Wish I still had a picture of it but my old apartment didn't have tall enough ceilings to stand them up vertical. So against an empty wall I screwed a couple eye screws into the ceiling about 7 feet apart, cut and tied equal lengths of like 60 lb mono to them and tied some over sized circle hooks to the bottom to cradle the rod. Looked pretty cool and whenever I got a new outfit, I would add another 2 feet of mono and a circle hook. At one point I had like 5 outfits stacked up. They look like they are magically floating in the air. Just make sure those eye screws are beefy enough to hold a handful of rods. Best part was I mad it with materials laying around that i'm sure you all have as well.


----------



## Rayreds (Oct 24, 2016)

LowHydrogen said:


> Scrap Mahogany, very simple but works well and looks nice enough that it doesn't make the garage look bad....er...worse...
> View attachment 16485
> View attachment 16486
> View attachment 16487


can you supply a template


----------



## LowHydrogen (Dec 31, 2015)

Rayreds said:


> can you supply a template


Sorry, I don't have a template. I just laid it out by hand, and did the rest with a drill, jig saw, and spade and forstner bits. 1.25" bottom holes(recesses) with forstner bit, and 3/4" holes with the spade bit on the top side, then used an angle finder to repeat (approx) 1/2" cuts into the 3/4" holes on a shallow angle, after cutting the holes I stacked the boards on top of each other and used the centering part from the spade bit to mark the center locations for the forstner bit, that way the racks would be plumb as long as I installed them correctly. Little bit of sanding and varnish, that's about it. Use the same angle for chamfering the corners as you did for the rod cut in, just makes it look more professional imo. Typing this on a phone, so PM me if any of that doesn't make sense, and I'll try and help you out.


----------



## Rayreds (Oct 24, 2016)

LowHydrogen said:


> Sorry, I don't have a template. I just laid it out by hand, and did the rest with a drill, jig saw, and spade and forstner bits. 1.25" bottom holes(recesses) with forstner bit, and 3/4" holes with the spade bit on the top side, then used an angle finder to repeat (approx) 1/2" cuts into the 3/4" holes on a shallow angle, after cutting the holes I stacked the boards on top of each other and used the centering part from the spade bit to mark the center locations for the forstner bit, that way the racks would be plumb as long as I installed them correctly. Little bit of sanding and varnish, that's about it. Use the same angle for chamfering the corners as you did for the rod cut in, just makes it look more professional imo. Typing this on a phone, so PM me if any of that doesn't make sense, and I'll try and help you out.

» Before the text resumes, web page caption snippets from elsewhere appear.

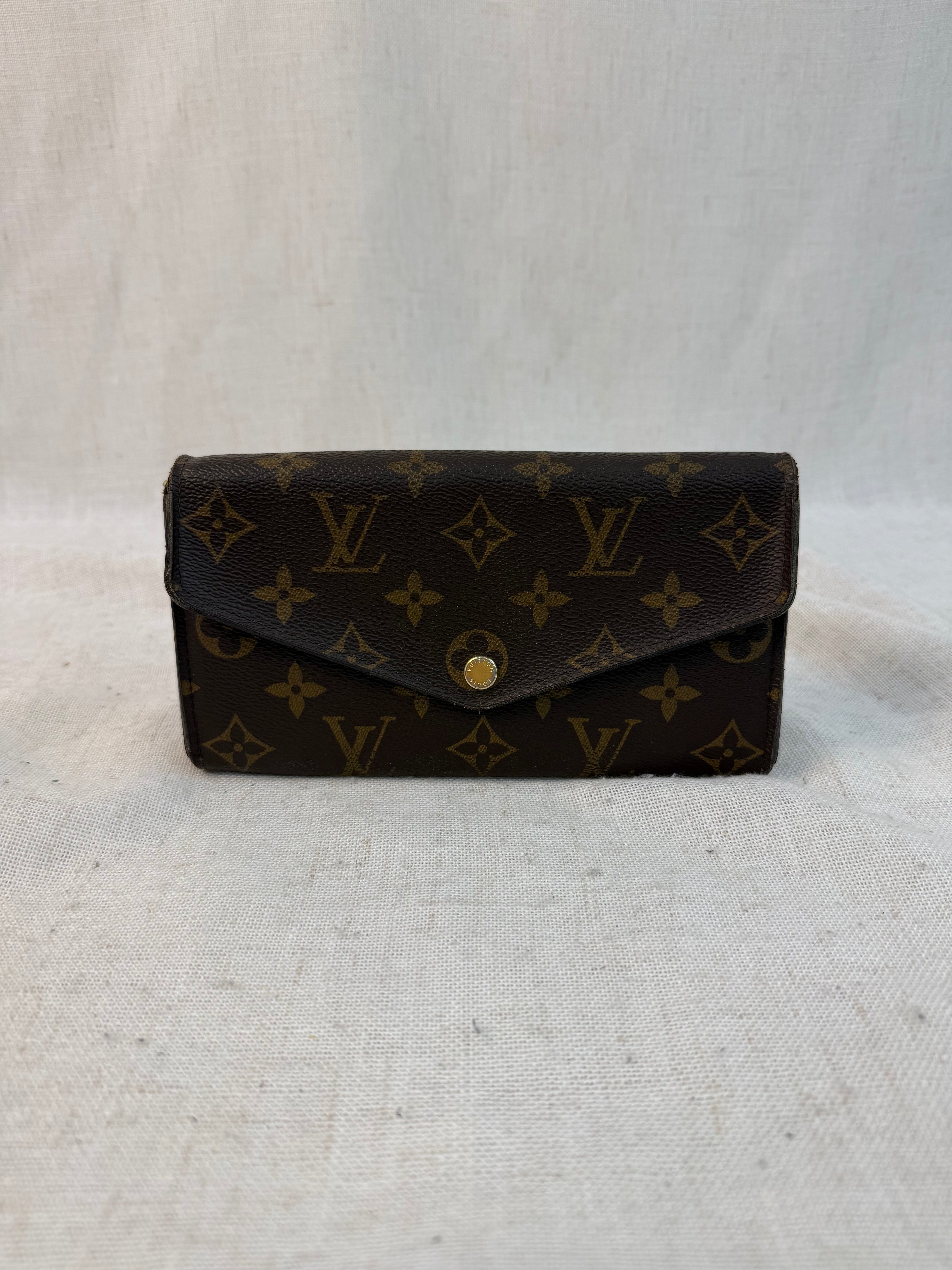 Louis Vuitton Monogram Sarah Wallet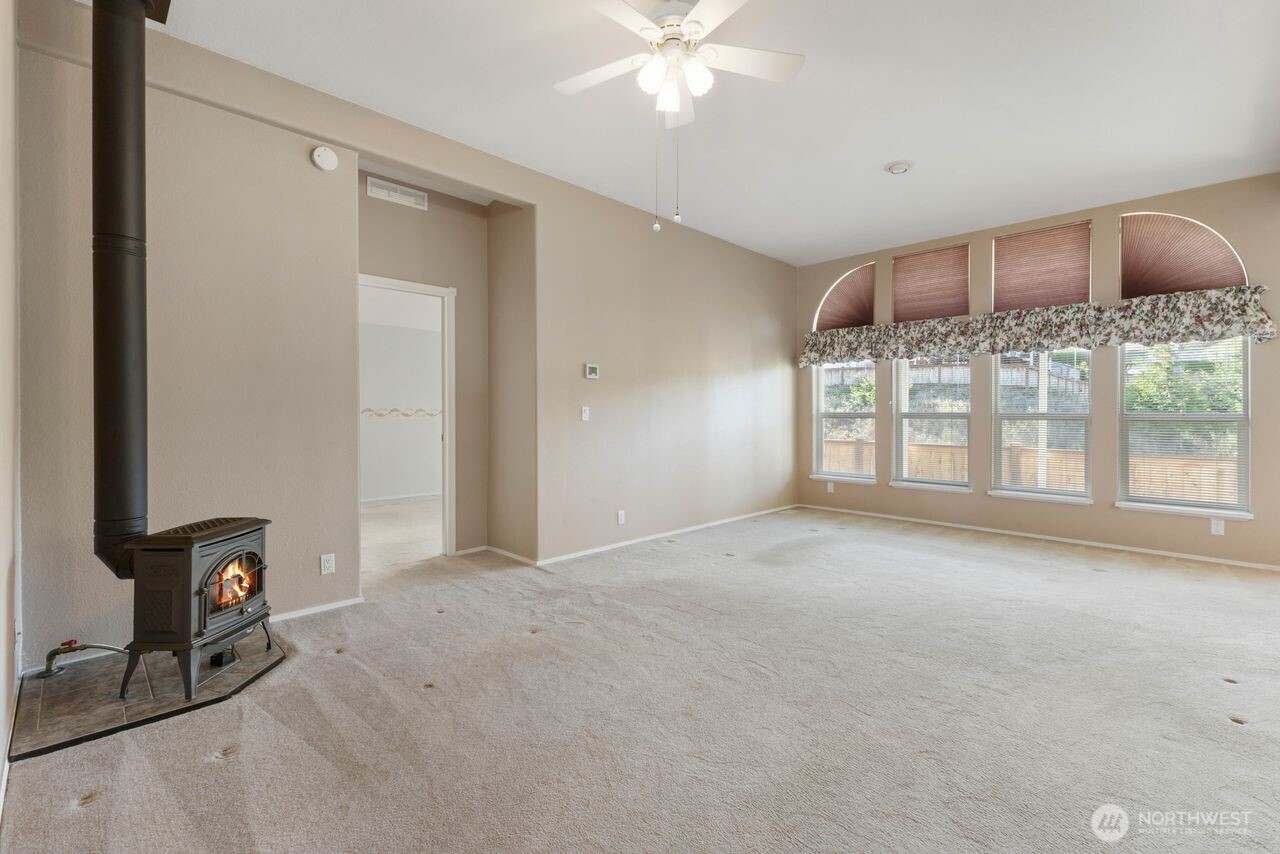 8902 60th Avenue E Unit: 79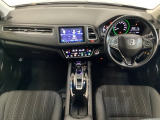 車内は光触媒抗菌消臭施工済です。スタイリッシュなデザインでスポーティなインパネ周りを演出します。グローブボックスやカップホルダーのほかにトレーなどたくさんの収納スペースが付いています。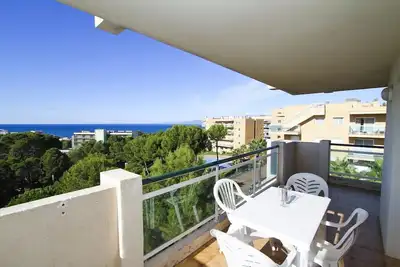 Bel appartement avec vue sur la mer, parking et piscine - Turismar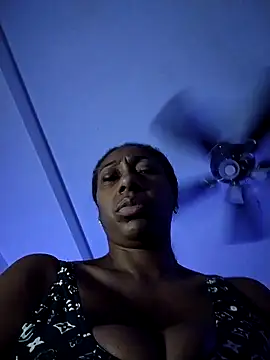 Snapshot of MadamGlam chatting on 28, 9, 2025 MadamGlam online show from 28, 9, 2025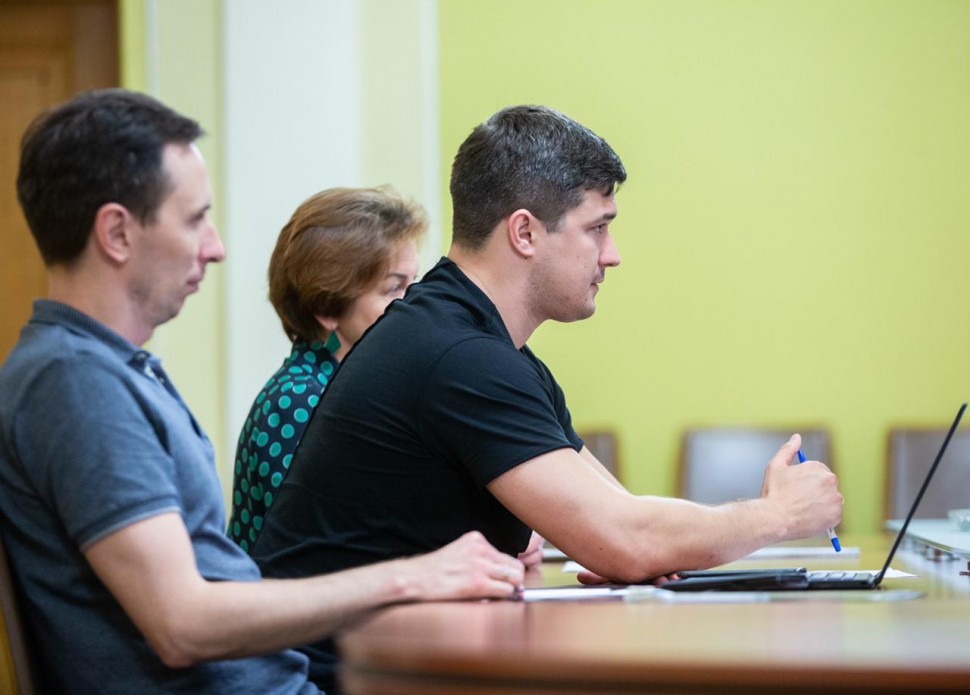 В Офисе Президента Украины прошла встреча советника Главы государства Михаила Федорова с оценочной миссией Европейского Союза при участии представителей DG Connect Европейской комиссии.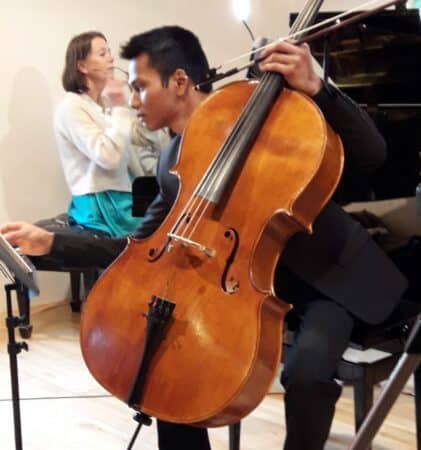Antoine Moulard au violoncelle et Elisabeth Roelly au piano prochainement en concert à Charlas.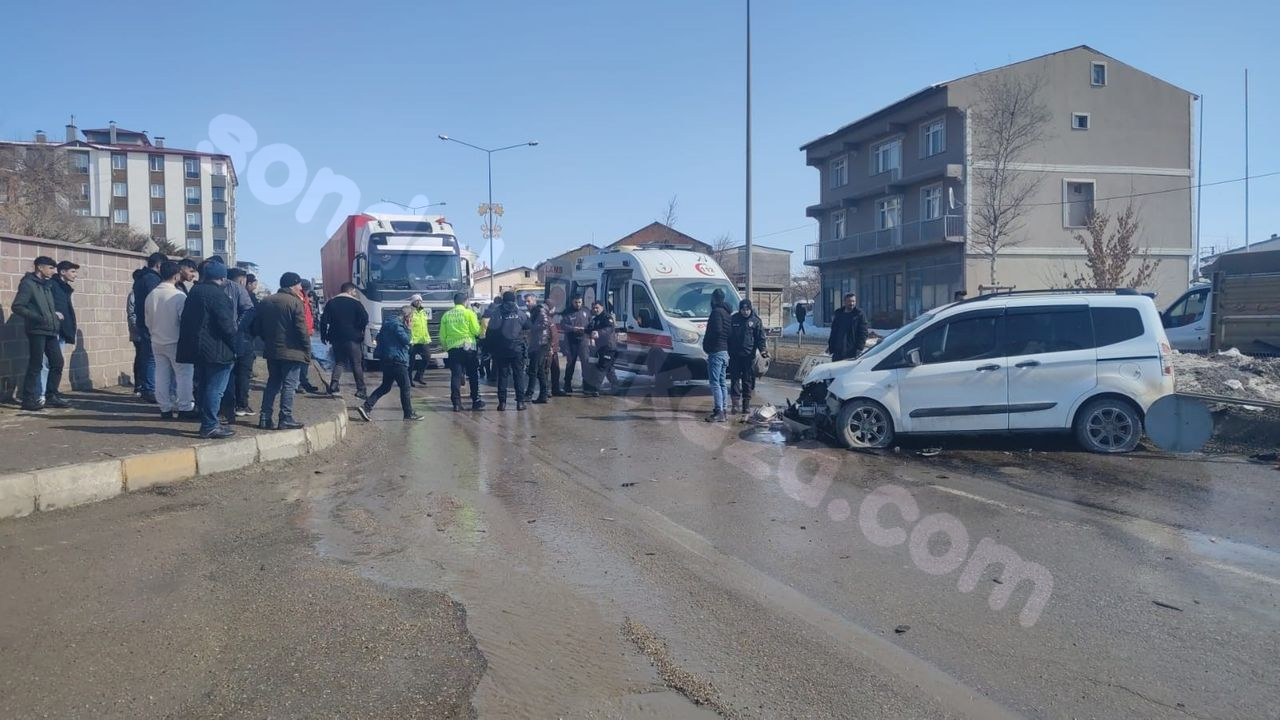 Erzurum'da Kaza: 2 Kişi Hasar Gördü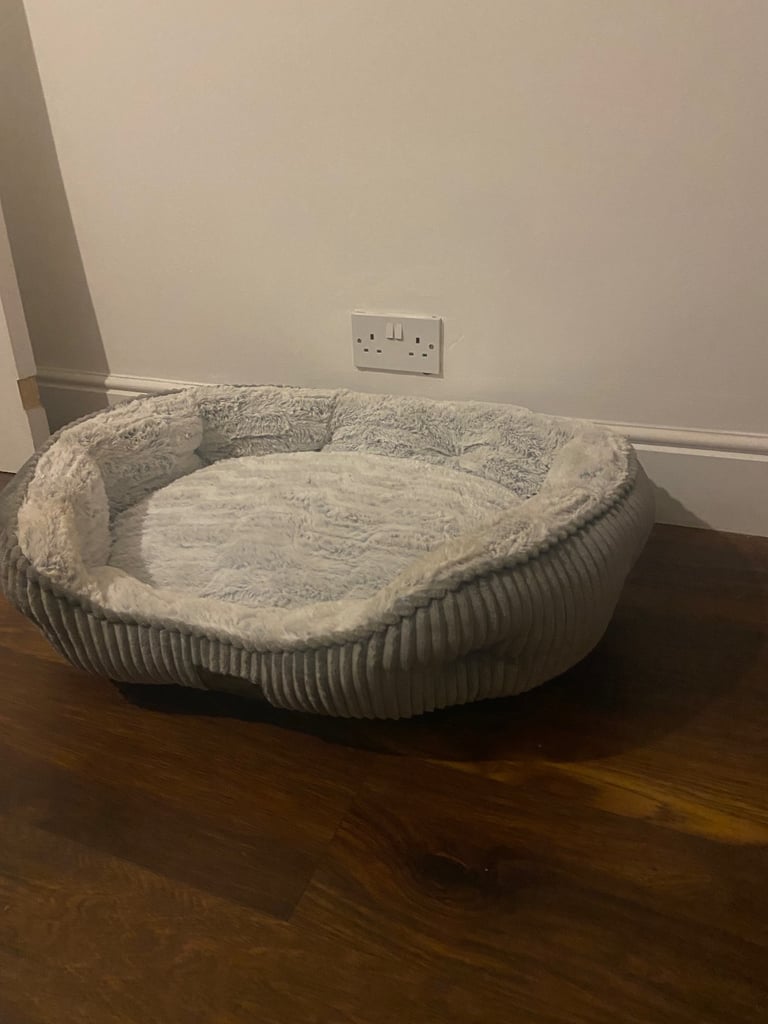 Memory foam dog bed - good as new 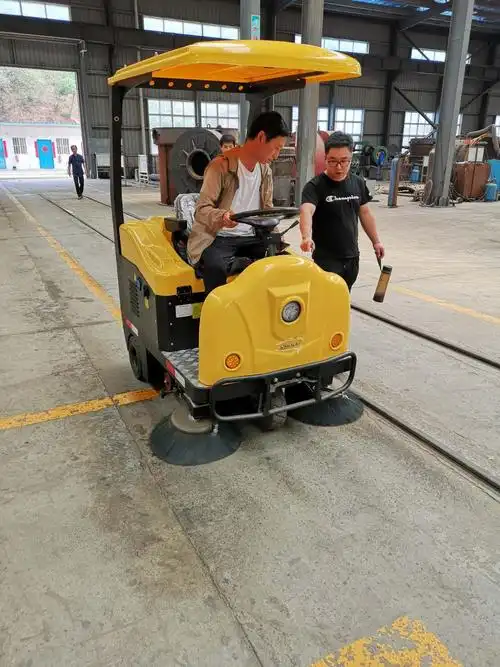 工厂车间用扫地车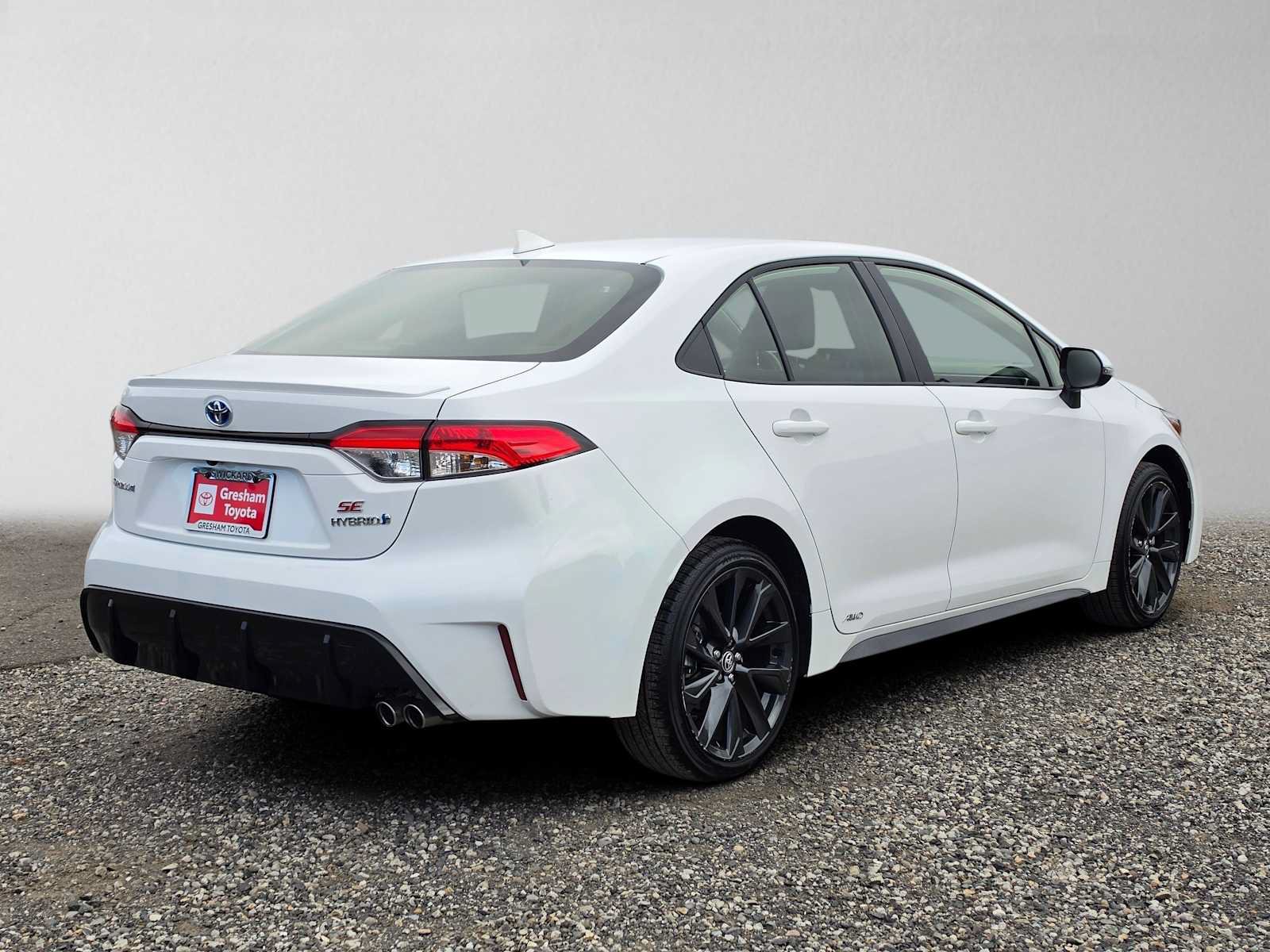 Used 2024 Toyota Corolla SE w/ SE Package AWD/4WD image 3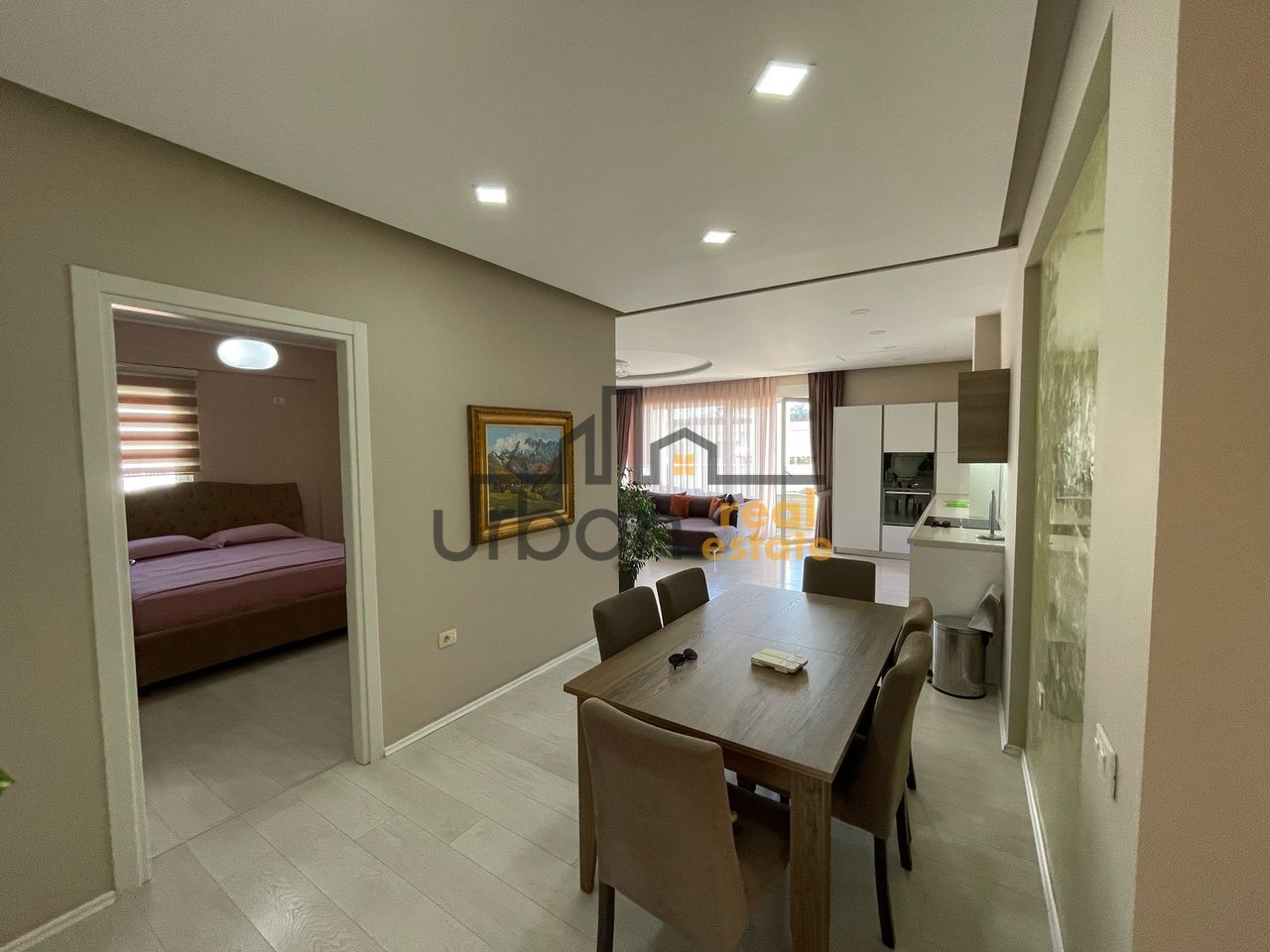 In affitto, Appartamento 3+1+2, Dry Lake, Tirana - 1400€ | 187 m²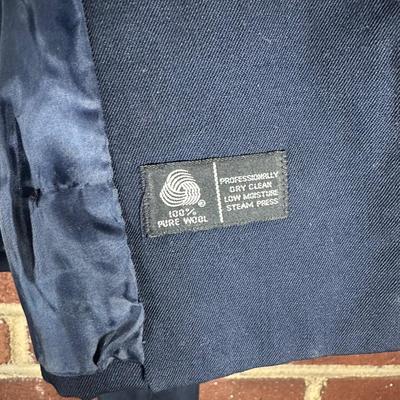 LOT 78Y: Vintage Women’s Tops - Ralph Lauren, Donna Karen, Pendleton & More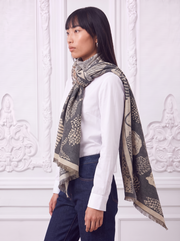 Elegant Notre-Dame Scarf | La Parisienne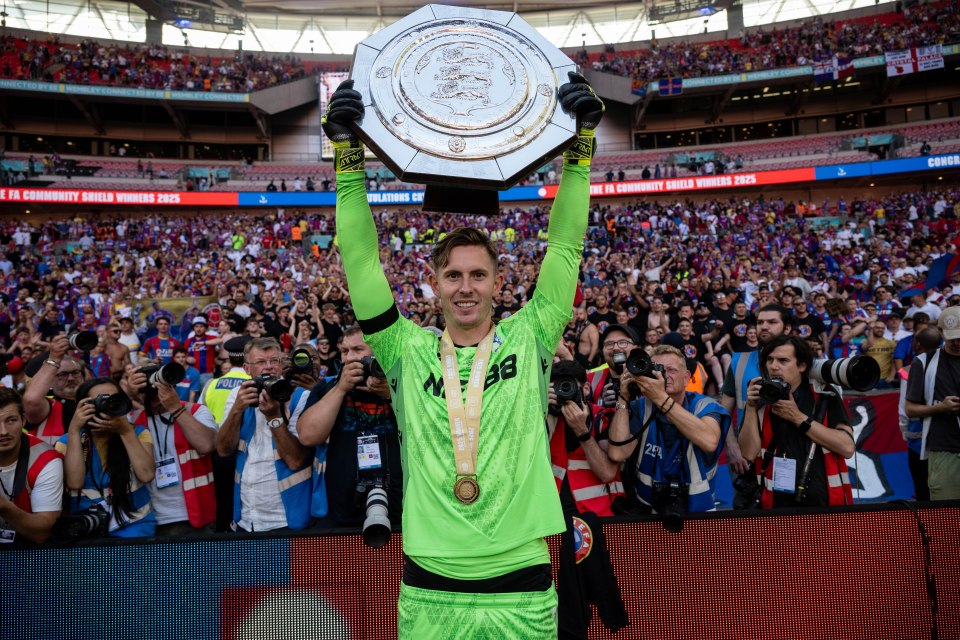 Dean Henderson of Crystal Palace holding the FA Community Shield trophy.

I'm not that goof with wood but gong to give it a try. Thanks for you instructions.


----------



## Hunt and Fish SRQ (Feb 10, 2014)

I made one so I can put rods in and out of my skiff as needed - usually have 3 in the skiff and change them out on the walls for what I'm doing. If I did it again, I would have angled them down a bit more, but they're not bad.


----------



## lsunoe (Dec 5, 2016)

That looks nice.


----------



## yobata (Jul 14, 2015)

Dustin Pack said:


> View attachment 18455


OK, now you're just showing off! lol sweet setup!


----------



## el9surf (Dec 23, 2008)

Dustin Pack said:


> View attachment 18455


Those are the ones I have. I like how you have them at an angle, makes them more secure. I attached rope to mine to keep the rods from hitting the ground if I accidentally bump one while taking another rod out.


----------



## TheFrequentFlier (Feb 17, 2016)

Too busy to respond... out buying cases of wine...


----------